Gary Indiana is the author of the novels Horse Crazy, Gone Tomorrow, Do Everything in the Dark, and the acclaimed “true crime” trilogy made up of Resentment, Three-Month Fever, and Depraved Indifference. He has also published a memoir, I Can Give You Anything but Love; a collection of art criticism, Vile Days; and Fire Season: Selected Essays.

Praise for Rent Boy

“It is literature with the filter off: on the one hand, an account of life as lived outside mainstream acceptance; on the other, a telling entirely unrestrained by political correctness . . . In a short space, Rent Boy is a multi-faceted little gem, a world of ‘Versailles at 78rpm,’ and the sort of funny, sick, weird little book you never forget.”
— John Self

“A relentless stream of social commentary, careening between sex, comedy, and murder, Rent Boy is a hysterical romp through the worlds of contemporary culture and crime."
— Fantastic Fiction

“Gary Indiana is the patron saint of human detritus . . . Rent Boy is a frolicsome slip of a book . . . a relentlessly tropey, shamelessly over-the-top potboiler . . . A rude glamor radiates from the book’s prose . . . There’s the instinct to high literature, the pitch-perfect imitations of noir, the estrangement and anhedonia exquisitely expressed.”
— Bailey Trela

“A funny book with a high degree of linguistic sophistication.
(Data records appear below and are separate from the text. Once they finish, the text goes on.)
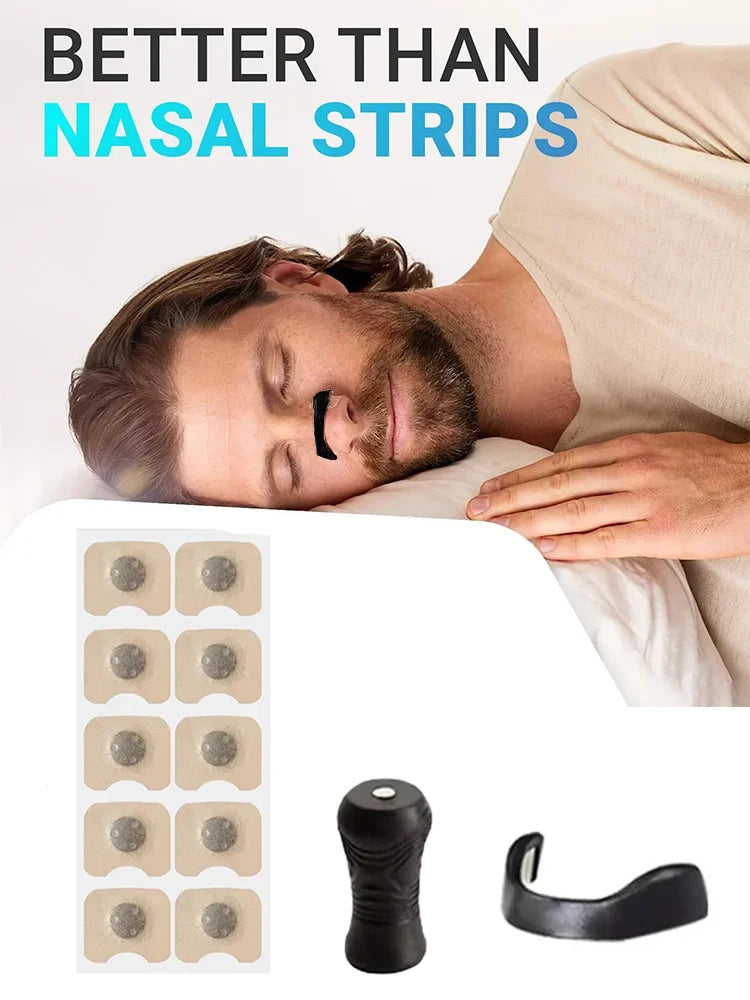 Magnetic Anti-Snoring Nose Clips – Breathing Dilators Kit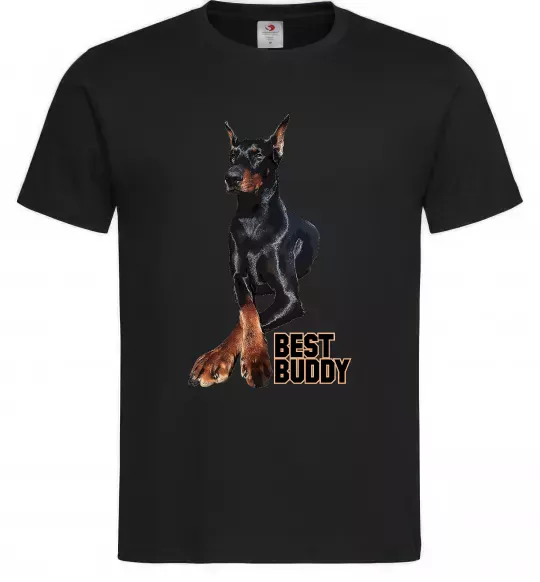 Мужская футболка Best buddy Черный фото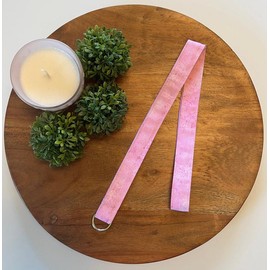 Light Pink Tonal Lanyards - Length: Breakaway Lanyard, Clasp: D-Ring
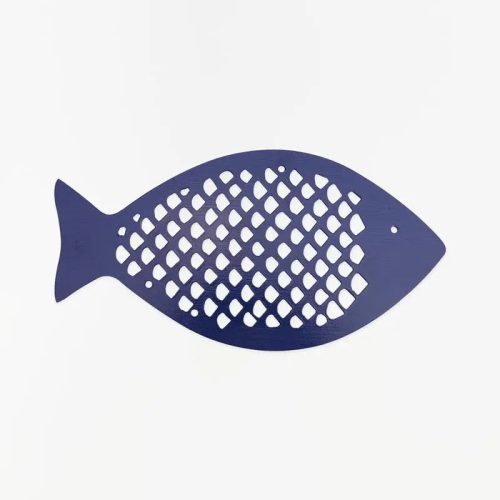 Salvamantel pez de aluminio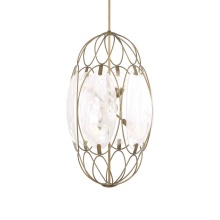 Uttermost 21641 - Uttermost Valencia 6 Light Glass Panel Pendant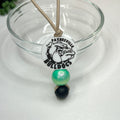 Opal Bulldog Zipper Charm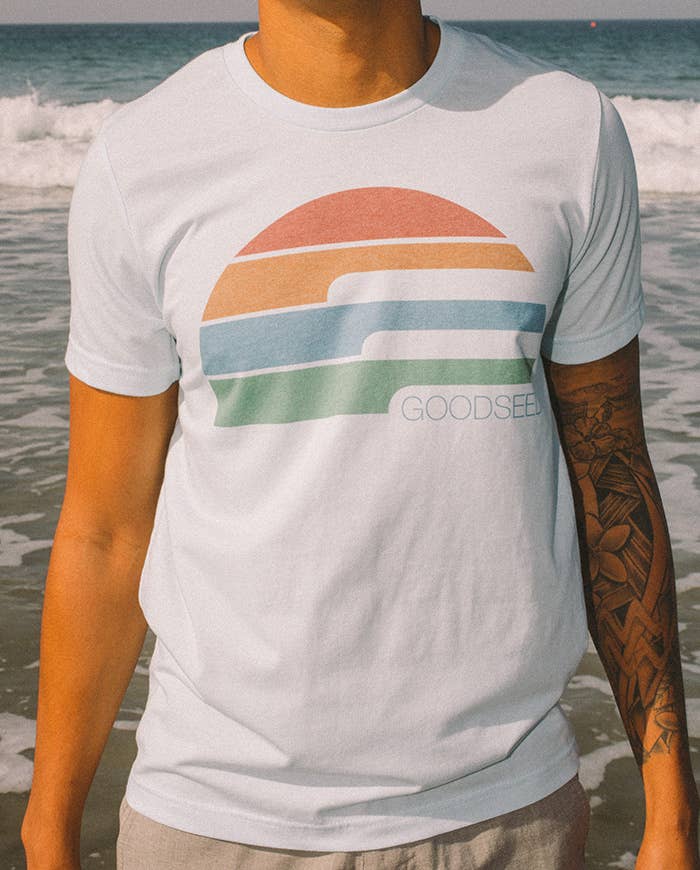 Goodseed Clothing - Wholesale T-shirt met print - Heren - 79-BLAUW1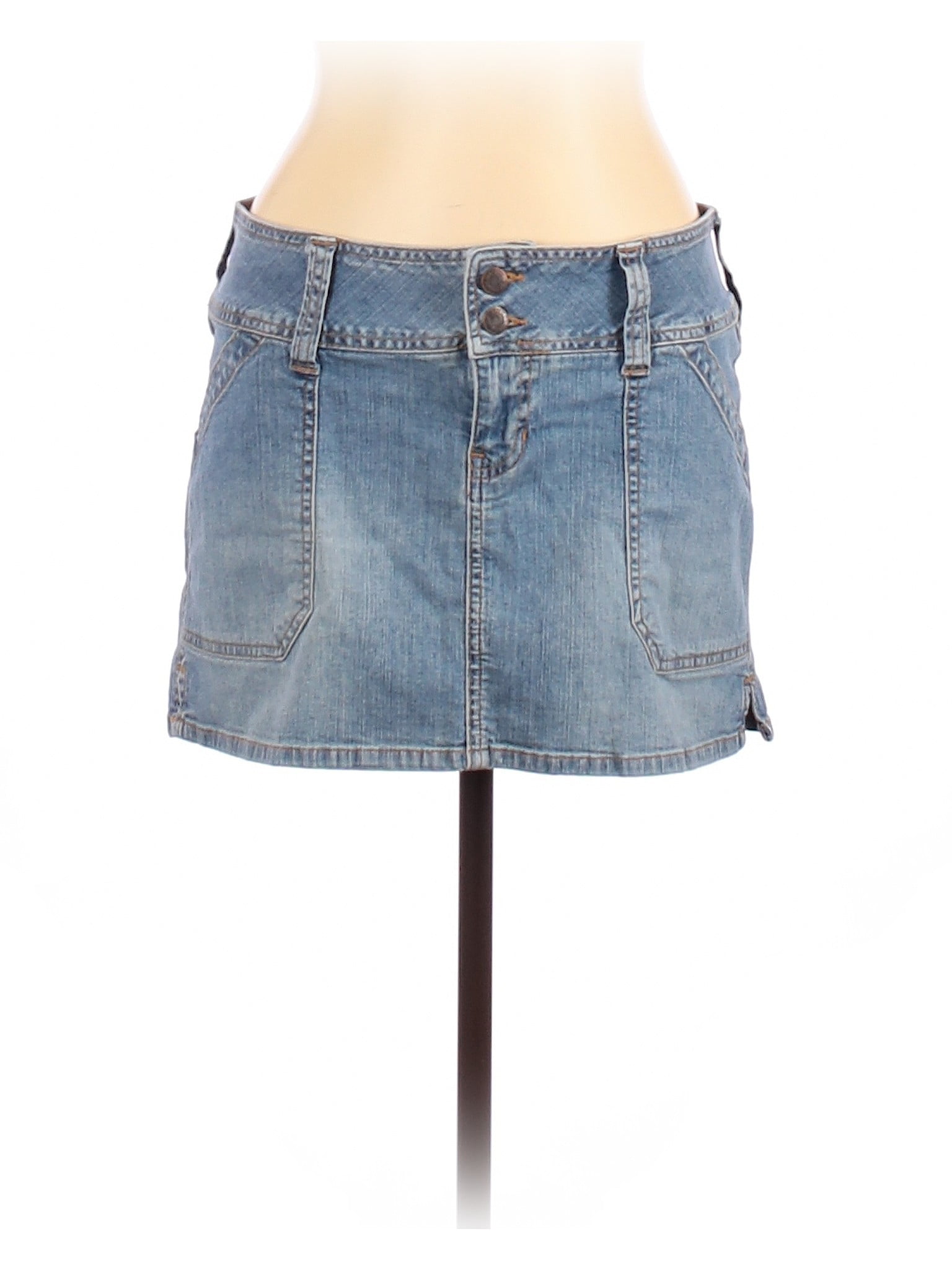 abercrombie and fitch denim skirt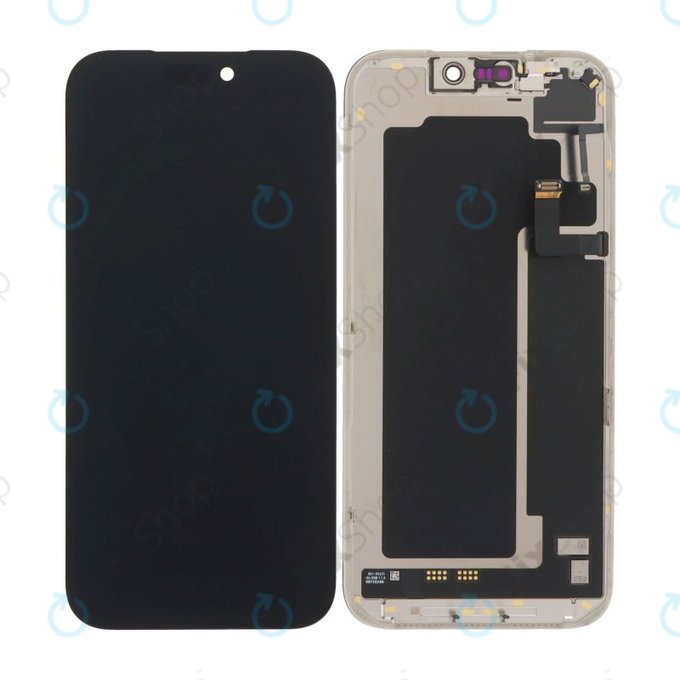 Display Soft OLED 120Hz für iPhone 17 Pro Max - Touchscreen + Rahmen, DIAGNOSTIC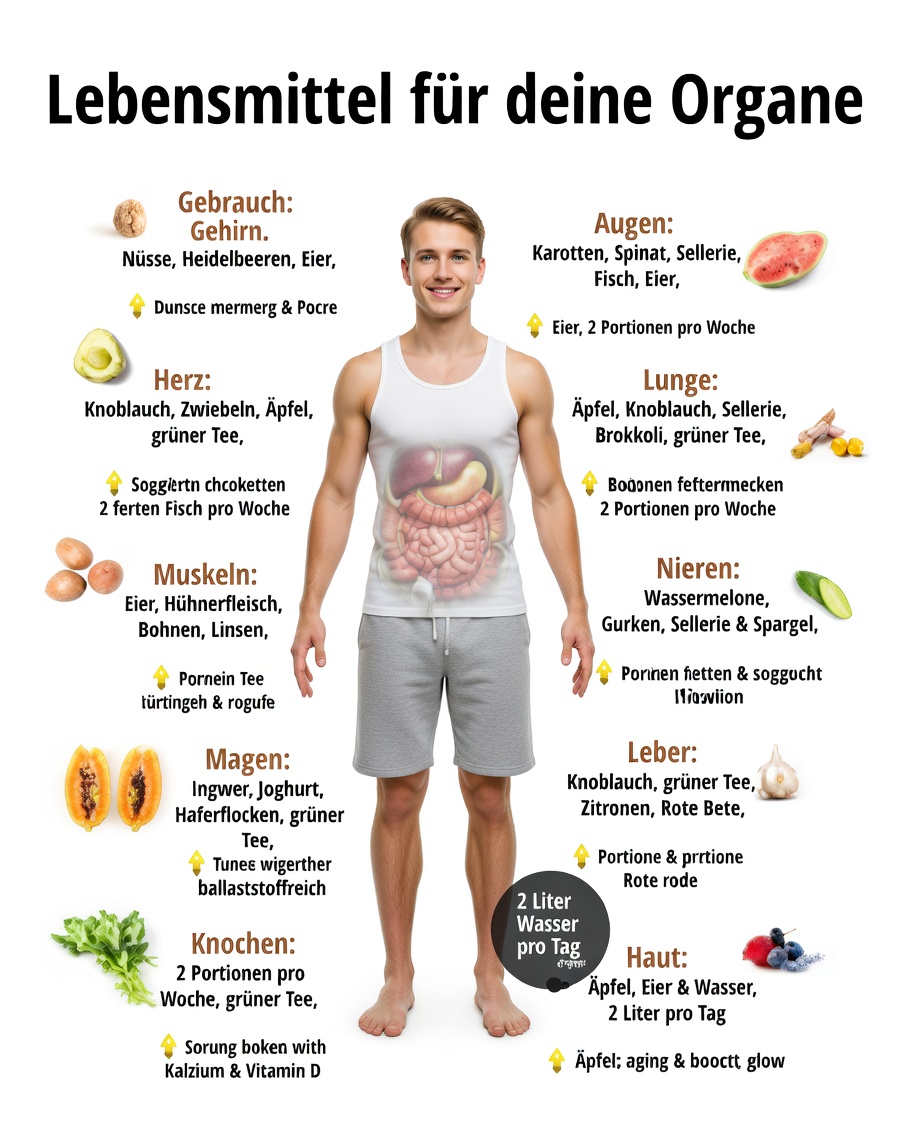 Welche Lebensmittel können bestimmten Organen schaden? Einfache Wege, die Gesundheit Ihres Körpers zu unterstützen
It also contains all the four-letter words, plus graphic descriptions of sex, kinky perversions, drug abuse and mayhem . . . Danny, the ‘rent boy’ of the title, is . . . a distant, debauched cousin of Holden Caulfield—a youthful truth-teller who sees himself surrounded by phonies.”
— Michael Harris

“Indiana’s views penetrate so far beyond the usual pabulum that it requires a bit of moral courage to read them, and a dark sense of humor would also help . . . a peerless voice, one that describes a falling floor that may never find its bottom.” 
— Lori Soderlind

“[A] literary legend and cultural hellraiser . . . [Rent Boy is] his sleazy-genius book.”
— Chris Kraus

“[Indiana’s] novels mark him as the nearest thing we have to an inheritor to the Burroughs strain in American fiction. That’s the strain that breaks or simply ignores middle-class taboos; embraces narcotics and all kinds of sex; takes an interest in the uglier emotions, like disgust, shame, and hatred; applies actual pressure to American myths (the Western, the P.I., the gangster); has recourse to science fiction and narrative fracture; keeps its eye on the varieties of societal control (family, state, corporation, media); and doesn’t shy away from anything that might be mistaken for sin.”
— Christian Lorentzen

“An inheritor, perhaps, of early Burroughs or John Rechy or Alexander Trocchi, or a ‘fixture,’ as journalists like to say, among the writers and artists who congregated around Manhattan’s East Village in the 1980s . . . Gary Indiana is still there, developing the vivid ire and grit of his early works into a sulfurous dissection of the American character that has few if any rivals.”
— Adrian Nathan West

“Indiana, a playwright, art critic, artist, and novelist with the sensibility of a rogue private investigator, is edgy in two or three ways. He’s hip and unchill, he’s lived on the edges of a lot of things, like fame and Los Angeles.”